Même si ça n’occupe pas toutes nos discussions quotidiennes, on est forcément tourné vers cela, comme je l’ai déjà écrit récemment. Je nous ai souhaités à tous, camarades de la TA70, un bel hivernage et de beaux moments ensemble, dans les prochains mois. C’est un drole de sentiment de se diriger vers cet état très spécial de l’hivernage, tout en sachant déjà, en gros, ce que « ça fait ». Mais en fait, pas vraiment : avec un autre groupe, ce sera forcément différent, et peut être, probablement pour ce qui me concerne même, oserai-je, mieux ! Quelques minutes après avoir entamé 2020, j’ai tout de suite pris conscience que ça y est, notre tour venait. 2019 était évidemment l’année de la TA69 à DDU, 2020 sera la nôtre… Je suis très confiant à titre personnel, mais aussi collectif, car nous avons la chance de compter dans notre groupe, je crois, des cadres de grande qualité, pour passer une superbe année et surmonter les inévitables péripéties d’une telle mission. Bonne année et vive la TA70 !

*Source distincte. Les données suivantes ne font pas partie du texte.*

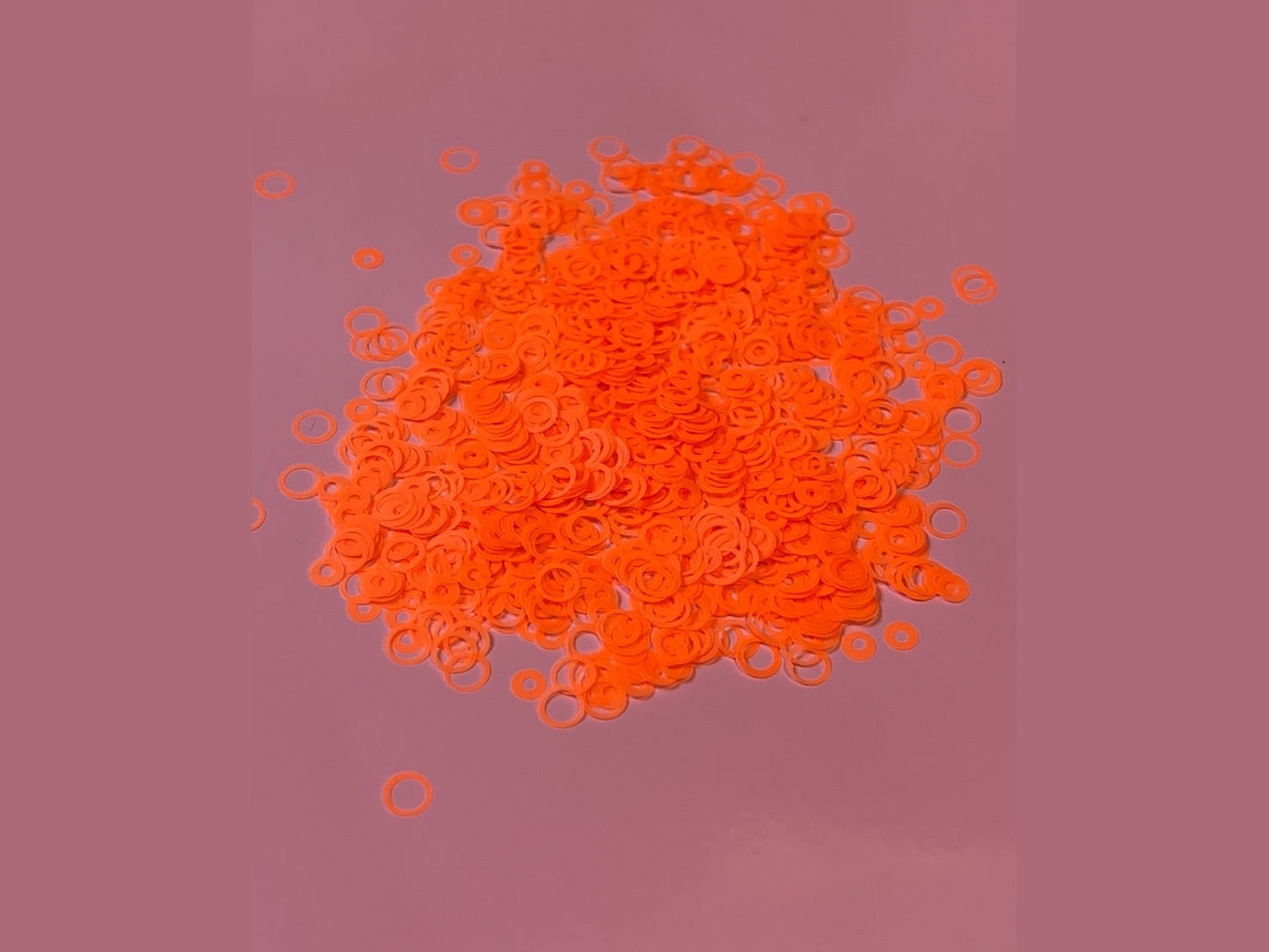 Orange bubble glitter donut-shaped craft beads with fine texture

L’agitation s’est aussi trouvée autour de nous, avec le passage de la tempête « Alain » à DDU, car nous baptisons également les tempêtes, et que nous avons préparé une liste de noms pour nommer les tempêtes, comme en métropole, en alternant prénoms masculins et féminins de personnes présentes sur la base, autant que faire se peut, car le ratio est hélas très déséquilibré. Cette première tempête a sévi particulièrement pour la Saint Sylvestre, avec un vent qui a culminé dans la matinée de mardi à 112km/h en moyenne, avec une rafale maximale mesurée à 175km/h à 10h40 locales (0h40 UTC). Il s’agit tout de même de la 4ème rafale la plus forte relevée en décembre à DDU depuis 1981 ! Le lâcher de ballon ce mardi matin a été mouvementé avec un crash du ballon au décollage par 53 noeuds de vent moyen (98km/h) avec des rafales à 140-150km/h, qui a provoqué un nouveau lâcher, réussi cette fois, avec un départ à l’horizontale. Une puissante tempête pour la période décembre-janvier traditionnellement un peu plus calme, qui a eu un effet attendu, spectaculaire : DDU est à nouveau quasiment une île, l’île des Pétrels ! 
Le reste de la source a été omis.